**Task description**
Copy the lines below exactly, starting at the one with "Used Mercedes-Benz GLC" and ending at the one with "Maria Bianca Nero dress", and leave out any picture.

**Exercise materials**
__________
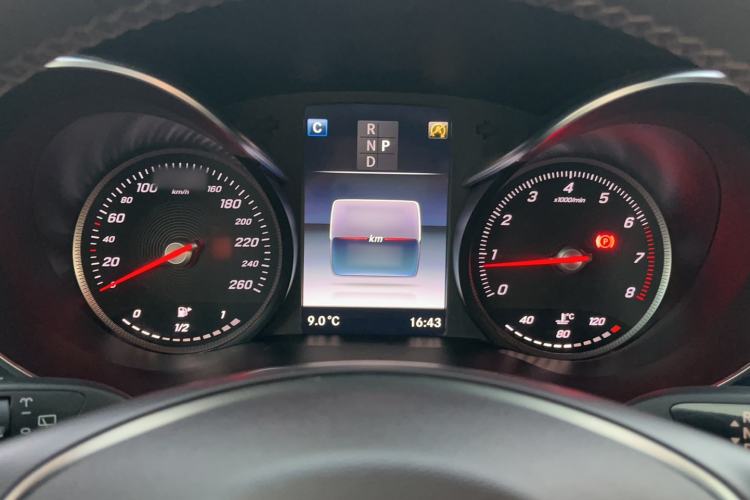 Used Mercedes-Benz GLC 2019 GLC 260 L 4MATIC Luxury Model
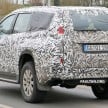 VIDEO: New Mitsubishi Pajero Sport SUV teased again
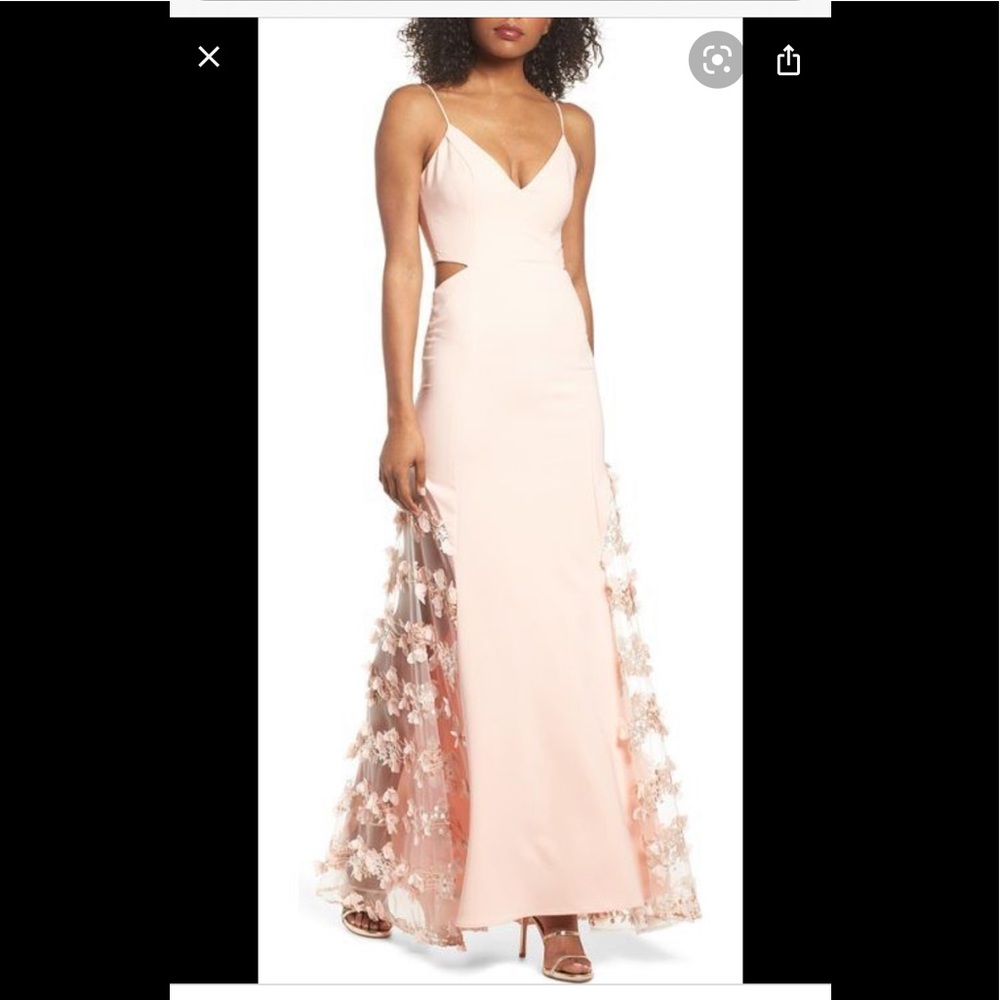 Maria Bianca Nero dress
__________
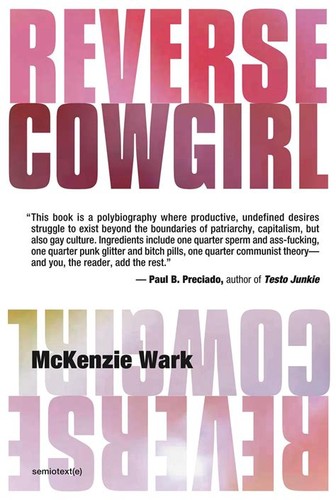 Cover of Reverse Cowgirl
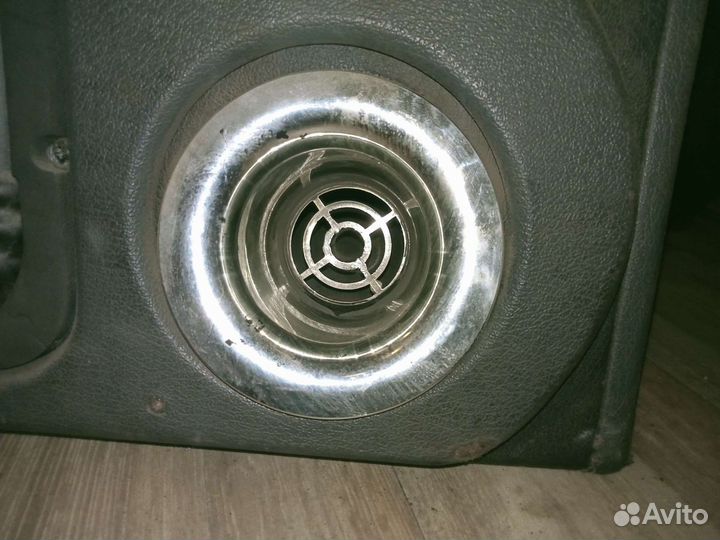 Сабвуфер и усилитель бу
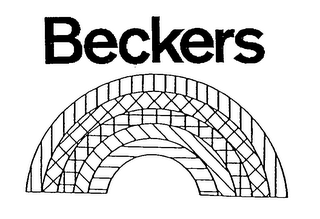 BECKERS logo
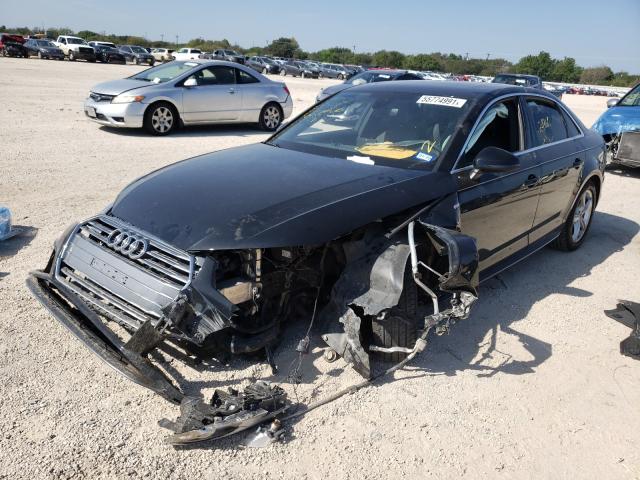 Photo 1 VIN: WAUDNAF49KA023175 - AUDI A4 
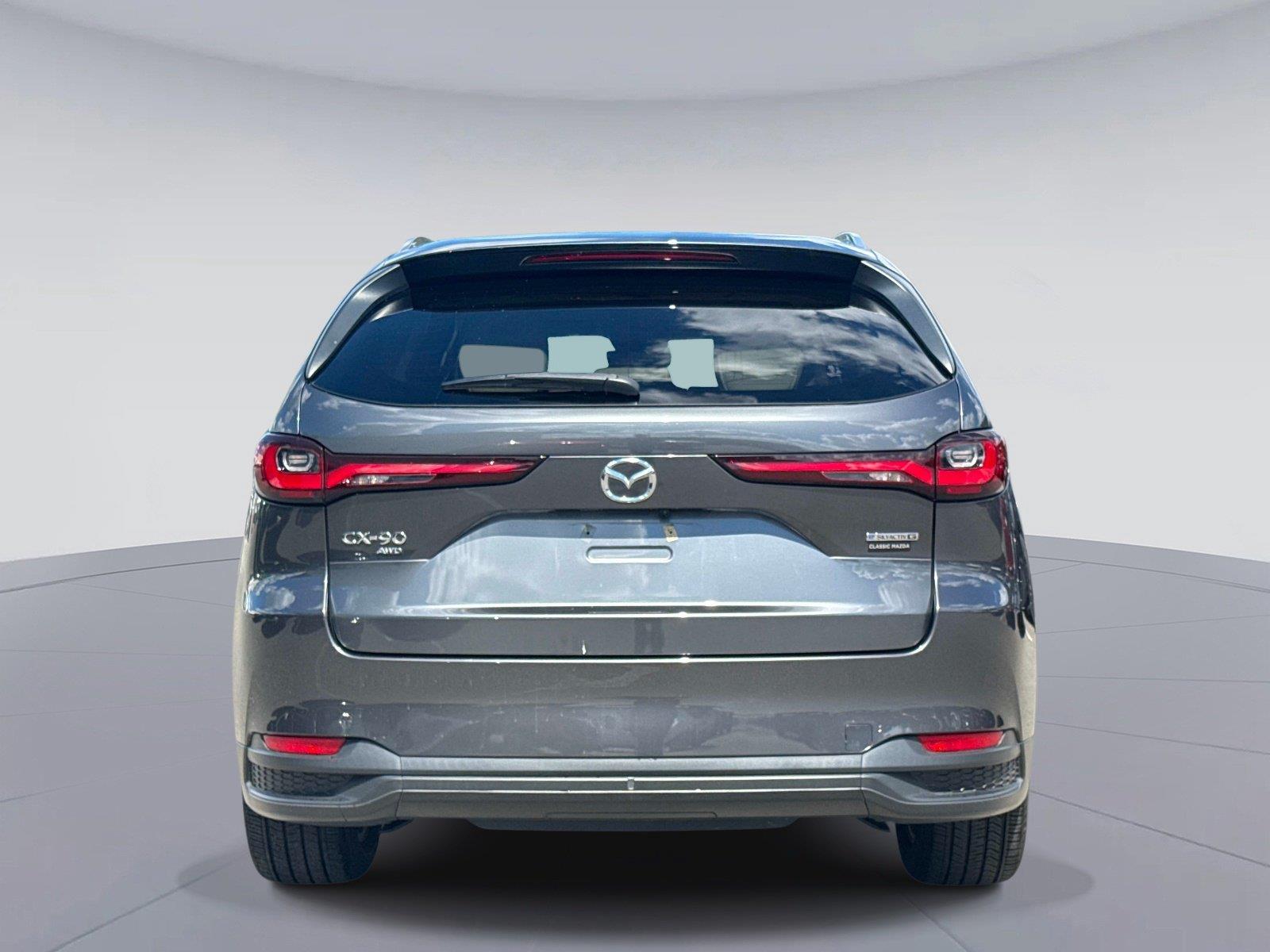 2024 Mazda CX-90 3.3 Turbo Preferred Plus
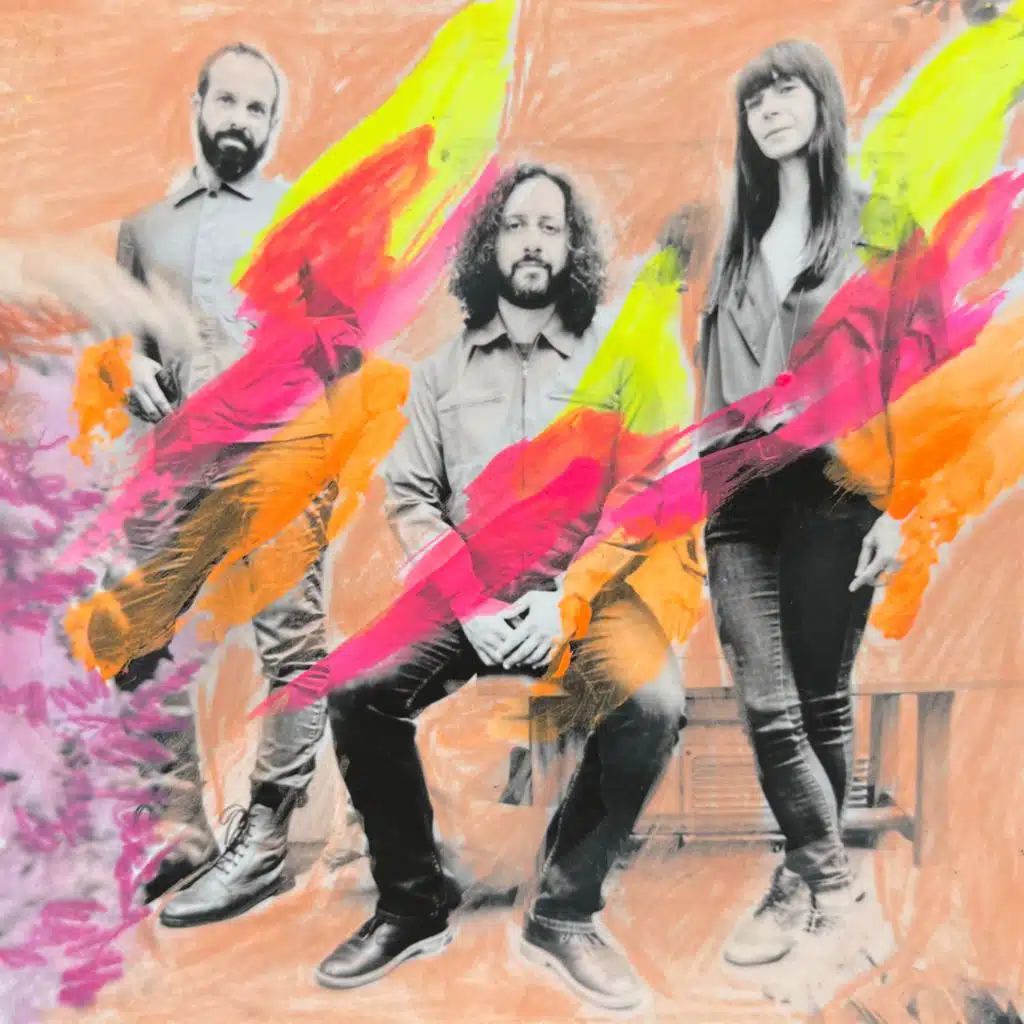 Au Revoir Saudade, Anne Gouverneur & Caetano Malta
__________
**Solution to this exercise**
 Used Mercedes-Benz GLC 2019 GLC 260 L 4MATIC Luxury Model
 VIDEO: New Mitsubishi Pajero Sport SUV teased again
 Maria Bianca Nero dress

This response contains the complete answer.